YOUR TASK> Give every line from the entries that contains "field".

Short web captions:
▼▼▼

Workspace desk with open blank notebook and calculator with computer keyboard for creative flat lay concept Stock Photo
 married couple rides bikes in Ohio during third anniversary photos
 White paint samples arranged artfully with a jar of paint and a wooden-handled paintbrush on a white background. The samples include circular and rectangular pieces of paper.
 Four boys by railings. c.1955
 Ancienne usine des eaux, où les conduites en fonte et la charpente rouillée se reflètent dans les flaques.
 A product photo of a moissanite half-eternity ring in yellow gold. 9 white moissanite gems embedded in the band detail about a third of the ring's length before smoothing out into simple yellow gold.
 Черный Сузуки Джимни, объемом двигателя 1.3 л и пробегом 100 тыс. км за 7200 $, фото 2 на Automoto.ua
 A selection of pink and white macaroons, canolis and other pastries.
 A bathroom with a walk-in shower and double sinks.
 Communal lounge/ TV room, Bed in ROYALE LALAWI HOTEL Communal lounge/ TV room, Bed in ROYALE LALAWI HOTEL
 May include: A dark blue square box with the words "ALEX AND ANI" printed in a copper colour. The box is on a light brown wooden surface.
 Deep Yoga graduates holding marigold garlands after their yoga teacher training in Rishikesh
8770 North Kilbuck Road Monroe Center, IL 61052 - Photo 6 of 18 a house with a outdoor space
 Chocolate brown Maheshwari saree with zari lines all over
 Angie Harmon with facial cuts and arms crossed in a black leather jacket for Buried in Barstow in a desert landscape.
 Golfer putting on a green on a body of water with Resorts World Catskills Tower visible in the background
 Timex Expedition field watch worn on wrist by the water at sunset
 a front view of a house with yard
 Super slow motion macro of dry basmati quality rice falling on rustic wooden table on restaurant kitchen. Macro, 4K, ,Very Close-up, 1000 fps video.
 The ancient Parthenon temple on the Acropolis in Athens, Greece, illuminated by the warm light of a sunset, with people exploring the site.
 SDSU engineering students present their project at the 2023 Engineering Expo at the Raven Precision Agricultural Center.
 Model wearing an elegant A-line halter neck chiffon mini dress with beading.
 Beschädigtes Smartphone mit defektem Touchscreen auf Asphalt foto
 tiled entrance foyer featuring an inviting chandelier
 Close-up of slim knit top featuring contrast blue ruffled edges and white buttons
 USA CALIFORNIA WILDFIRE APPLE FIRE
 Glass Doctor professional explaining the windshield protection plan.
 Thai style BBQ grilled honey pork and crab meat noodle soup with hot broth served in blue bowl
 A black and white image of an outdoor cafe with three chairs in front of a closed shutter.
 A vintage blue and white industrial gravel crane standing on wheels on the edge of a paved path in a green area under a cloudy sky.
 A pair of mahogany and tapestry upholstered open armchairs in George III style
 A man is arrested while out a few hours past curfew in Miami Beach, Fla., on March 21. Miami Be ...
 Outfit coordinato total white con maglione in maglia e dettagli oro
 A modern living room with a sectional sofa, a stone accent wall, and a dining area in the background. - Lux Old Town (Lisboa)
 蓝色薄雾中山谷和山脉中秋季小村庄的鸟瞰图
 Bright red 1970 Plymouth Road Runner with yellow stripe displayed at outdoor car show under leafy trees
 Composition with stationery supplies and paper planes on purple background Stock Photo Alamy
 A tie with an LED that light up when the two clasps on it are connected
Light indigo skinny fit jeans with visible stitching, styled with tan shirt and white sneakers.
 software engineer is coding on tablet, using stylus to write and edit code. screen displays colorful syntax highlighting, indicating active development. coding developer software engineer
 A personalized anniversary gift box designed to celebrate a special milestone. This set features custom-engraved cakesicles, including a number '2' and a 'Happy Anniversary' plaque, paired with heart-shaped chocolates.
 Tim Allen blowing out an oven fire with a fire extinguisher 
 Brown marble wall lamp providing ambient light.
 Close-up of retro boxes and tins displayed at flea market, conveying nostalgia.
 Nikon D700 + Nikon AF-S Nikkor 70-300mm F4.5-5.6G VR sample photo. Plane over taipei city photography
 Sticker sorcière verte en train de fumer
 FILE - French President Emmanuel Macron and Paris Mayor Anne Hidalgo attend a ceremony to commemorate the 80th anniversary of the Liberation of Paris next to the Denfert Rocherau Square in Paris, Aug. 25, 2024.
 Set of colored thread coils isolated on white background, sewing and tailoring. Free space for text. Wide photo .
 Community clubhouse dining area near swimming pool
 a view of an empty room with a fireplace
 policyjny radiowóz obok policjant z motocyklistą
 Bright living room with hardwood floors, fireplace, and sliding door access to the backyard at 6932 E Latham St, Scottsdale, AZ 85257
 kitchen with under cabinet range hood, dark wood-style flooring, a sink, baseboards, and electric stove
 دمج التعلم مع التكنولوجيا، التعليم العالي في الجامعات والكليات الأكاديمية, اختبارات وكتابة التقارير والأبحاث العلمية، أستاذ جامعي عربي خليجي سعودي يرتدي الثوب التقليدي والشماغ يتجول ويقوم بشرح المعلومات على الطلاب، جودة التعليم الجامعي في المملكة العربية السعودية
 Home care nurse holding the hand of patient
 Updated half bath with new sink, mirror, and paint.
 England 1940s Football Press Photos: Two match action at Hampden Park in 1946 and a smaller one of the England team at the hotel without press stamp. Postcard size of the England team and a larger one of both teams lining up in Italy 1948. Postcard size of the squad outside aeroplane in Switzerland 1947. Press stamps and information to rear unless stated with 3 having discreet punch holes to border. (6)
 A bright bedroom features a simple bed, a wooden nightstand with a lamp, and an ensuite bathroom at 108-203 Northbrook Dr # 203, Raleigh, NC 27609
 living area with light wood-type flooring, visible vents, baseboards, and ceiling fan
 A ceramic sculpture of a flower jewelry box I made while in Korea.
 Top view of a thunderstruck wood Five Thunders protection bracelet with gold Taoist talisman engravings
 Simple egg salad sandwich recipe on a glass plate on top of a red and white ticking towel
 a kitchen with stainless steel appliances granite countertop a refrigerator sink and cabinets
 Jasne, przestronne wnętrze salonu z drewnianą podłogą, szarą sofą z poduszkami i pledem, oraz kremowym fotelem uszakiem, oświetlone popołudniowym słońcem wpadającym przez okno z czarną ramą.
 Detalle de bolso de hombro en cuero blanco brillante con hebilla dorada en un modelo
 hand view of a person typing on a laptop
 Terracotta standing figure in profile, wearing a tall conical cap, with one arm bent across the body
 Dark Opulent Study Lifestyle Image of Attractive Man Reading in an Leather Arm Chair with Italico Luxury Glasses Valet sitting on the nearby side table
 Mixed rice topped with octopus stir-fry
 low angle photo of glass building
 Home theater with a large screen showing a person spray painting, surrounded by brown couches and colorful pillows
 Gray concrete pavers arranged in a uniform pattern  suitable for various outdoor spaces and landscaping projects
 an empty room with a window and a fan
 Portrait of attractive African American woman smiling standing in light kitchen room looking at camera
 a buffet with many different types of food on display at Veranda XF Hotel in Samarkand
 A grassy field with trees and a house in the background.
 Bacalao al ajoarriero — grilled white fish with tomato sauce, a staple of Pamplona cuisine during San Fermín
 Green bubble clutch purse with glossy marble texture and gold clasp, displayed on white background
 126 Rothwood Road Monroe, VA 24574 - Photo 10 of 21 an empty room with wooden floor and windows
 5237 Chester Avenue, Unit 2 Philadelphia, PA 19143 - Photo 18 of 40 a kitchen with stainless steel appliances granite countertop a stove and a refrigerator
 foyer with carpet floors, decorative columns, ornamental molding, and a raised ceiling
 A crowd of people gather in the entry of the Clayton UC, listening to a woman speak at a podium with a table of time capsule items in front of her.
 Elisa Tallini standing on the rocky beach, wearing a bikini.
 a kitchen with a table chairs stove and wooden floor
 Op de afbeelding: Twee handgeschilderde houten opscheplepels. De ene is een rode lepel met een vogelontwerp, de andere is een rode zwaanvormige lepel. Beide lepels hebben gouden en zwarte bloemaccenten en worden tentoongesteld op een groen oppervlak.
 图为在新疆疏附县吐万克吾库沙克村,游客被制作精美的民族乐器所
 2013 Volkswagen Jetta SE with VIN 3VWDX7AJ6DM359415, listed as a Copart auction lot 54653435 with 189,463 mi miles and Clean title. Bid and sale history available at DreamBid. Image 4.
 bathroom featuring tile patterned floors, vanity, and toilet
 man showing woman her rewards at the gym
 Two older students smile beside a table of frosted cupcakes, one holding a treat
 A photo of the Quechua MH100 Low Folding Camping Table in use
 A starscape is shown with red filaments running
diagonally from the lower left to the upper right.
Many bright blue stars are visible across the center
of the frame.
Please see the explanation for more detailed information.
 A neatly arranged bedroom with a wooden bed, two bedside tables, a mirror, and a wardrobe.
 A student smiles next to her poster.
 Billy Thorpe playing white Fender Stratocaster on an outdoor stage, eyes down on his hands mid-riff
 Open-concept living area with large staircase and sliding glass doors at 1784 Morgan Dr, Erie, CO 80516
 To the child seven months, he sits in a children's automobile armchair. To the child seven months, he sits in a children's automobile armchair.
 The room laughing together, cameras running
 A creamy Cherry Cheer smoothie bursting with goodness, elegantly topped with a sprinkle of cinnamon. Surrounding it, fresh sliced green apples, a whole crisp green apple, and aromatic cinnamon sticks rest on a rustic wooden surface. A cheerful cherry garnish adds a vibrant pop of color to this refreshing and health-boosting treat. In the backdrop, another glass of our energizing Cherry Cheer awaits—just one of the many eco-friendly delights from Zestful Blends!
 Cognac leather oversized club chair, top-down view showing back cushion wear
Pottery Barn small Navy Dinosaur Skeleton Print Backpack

▲▲▲

RESULT>
 Timex Expedition field watch worn on wrist by the water at sunset
 A grassy field with trees and a house in the background.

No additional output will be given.